[Date Prev][Date Next][Thread Prev][Thread Next][Date Index][Thread Index]

Re: [HTCondor-users] [HTCondor-Users] NEGOTIATOR_PRE_JOB_RANK is not working as expected



On 8/12/2019 12:58 PM, Vikrant Aggarwal wrote:
> Hello Experts,
> 
> Sorry for flurry of questions:
> 
> We introduced some high memory nodes in existing condor cluster. I have 
> added "highmemory = true" in machine classAD.
> 
> Without making any change in submit file I want to steer jobs demanding 
> memory greater than certain value to high mem nodes. Prepared this 
> expression for it.
> 
> DEFAULT_RANK = (10000000 * My.Rank) + (1000000 * (RemoteOwner =?= 
> UNDEFINED)) - (100000 * Cpus) - Memory
> NEGOTIATOR_PRE_JOB_RANK = ifthenelse(Target.requestmemory > 1024, 
> 10000000 * (highmemory == true), $(default_rank))
> 
> First job with 1000 request_memory landing on node without highmemory 
> machine classAD
> Second job with 1030 request_memory landing on node with highmemory 
> machine classAD.
> *Third job with 1000 request_memory lands on node with highmemory 
> machine classAD (not expected).*
> 

You say all your high memory nodes have "highmemory = True" in the machine ad.... but do all other nodes have "highmemory = False" ?  If not, this could be your problem, as NEGOTIATOR_PRE_JOB_RANK will evaluate to UNDEFINED in that case instead of the number you expected.  You could change your clause "highmemory == true" to instead read
"highmemory =?= true".  See
  https://htcondor.readthedocs.io/en/v8_9_2/misc-concepts/classad-mechanism.html#expression-examples
for an explanation of the =?= and =!= operators.
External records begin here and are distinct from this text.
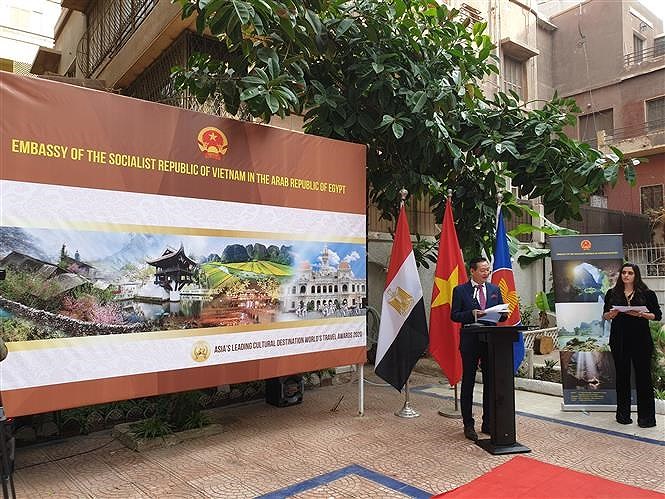 Promouvoir une passerelle culturelle entre le Vietnam et l’Egypte hinh anh 7
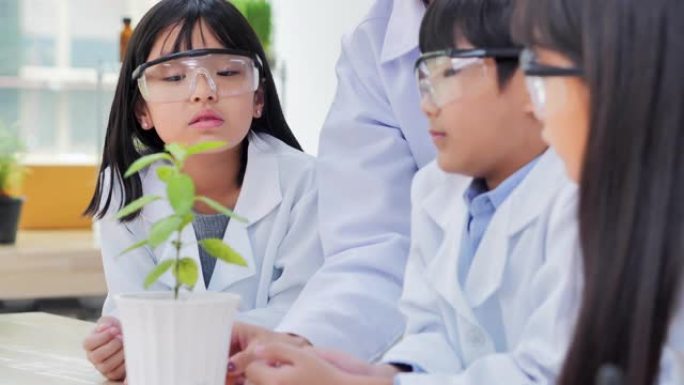 学校生物学实验。向儿童解释生物学。如何使儿童感兴趣在生物学教室学习。孩子们种植和照顾，等待，观察成分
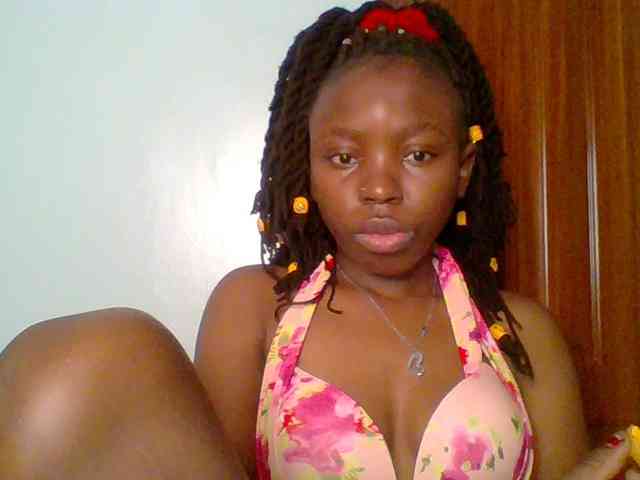 chocolate-brownie webcam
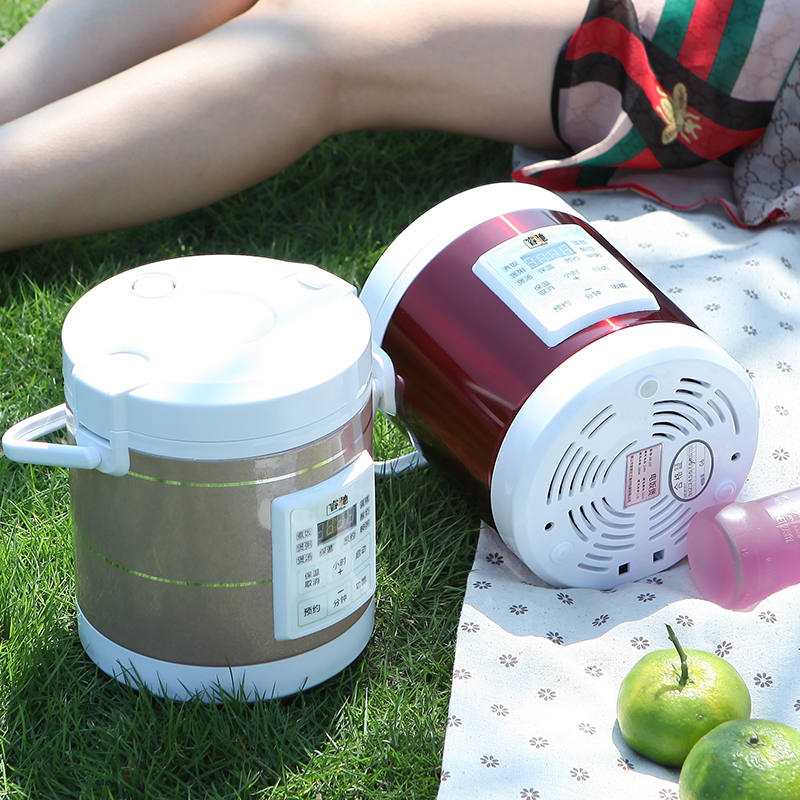 Smart Car Rice Cooker 24V Car Rice Cooker 220V Household Electric Cooker for Large Trucks 1 6L 1-2 People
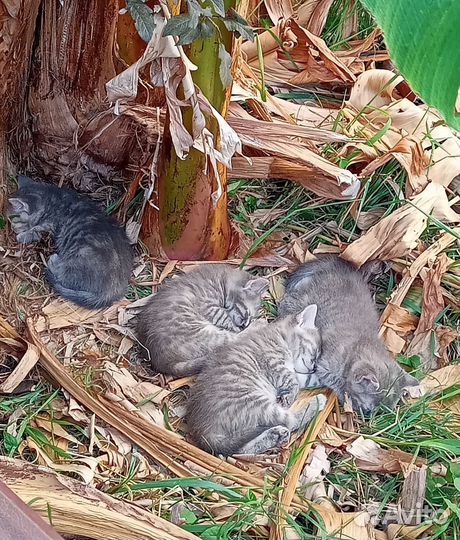 Кошка в дар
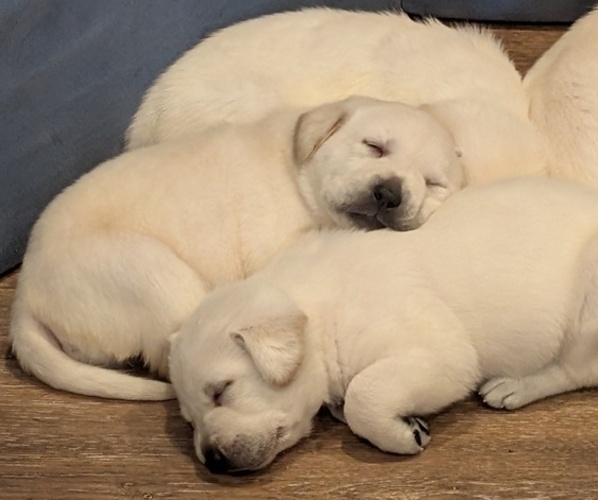 Medium Photo #6 Labrador Retriever Puppy For Sale in FORT LUPTON, CO, USA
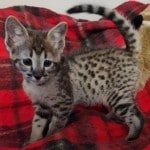 F-3C Male #3 DOB 10-21-23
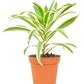 Song of India ( pot not included)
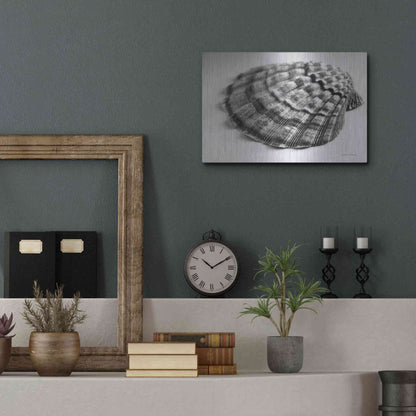 Luxe Metal Art 'Scallop 3' by Debra Van Swearingen, Metal Wall Art,16x12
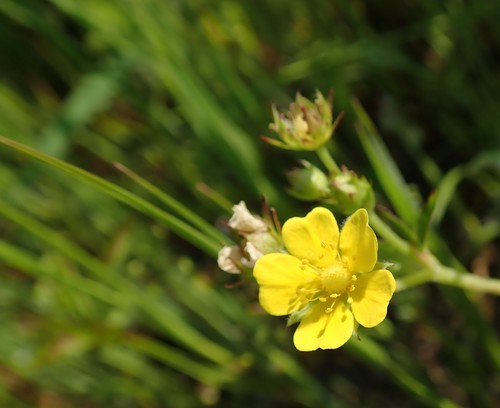 Potentilla kleiniana — photo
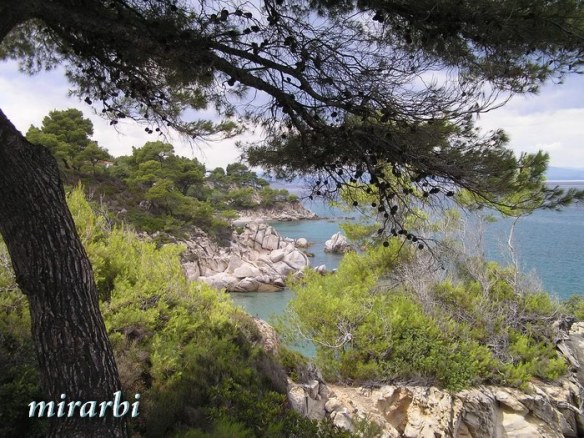 020. Boje i oblici Sitonije (jul 2014.) - Vegetacija na stenama iznad plaže Fava - blog „Putujte sa MirArbi“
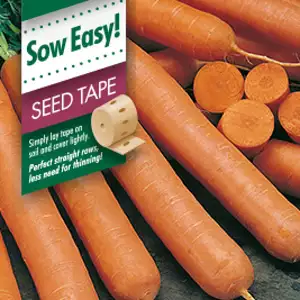 Seed Tape – Carrot Manchester Table Seed Tape – Carrot Manchester Table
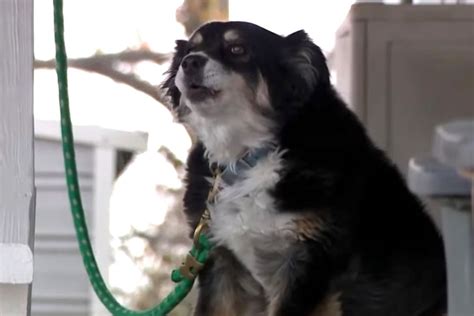 Perro Hereda Millones De D Lares Tras La Muerte De Su Due O El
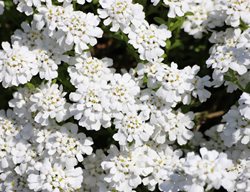 Candytuft Flowers, White Candytuft
Shutterstock.com
New York, NY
But additionally, just steering your big memory jobs to you big memory slots is probably not all you want to do... I imagine 
you probably also want to explicitly steer your small memory jobs away from your big memory slots.  

Finally, your NEGOTIATOR_PRE_JOB_RANK ignores all the other goodness in the default expression if the job requests lots of memory, such as preferring a slot that is completely idle (no RemoteOwner) over a slot that is already busy serving someone who would need to be preempted. Not sure if you really intended that or not.  

I'd suggest trying 

NEGOTIATOR_PRE_JOB_RANK = $(NEGOTIATOR_PRE_JOB_RANK) + 
     1000000 * ((requestmemory > 1024 && highmemory =?= true) || (requestmemory <=1024 && highmemory =!= true))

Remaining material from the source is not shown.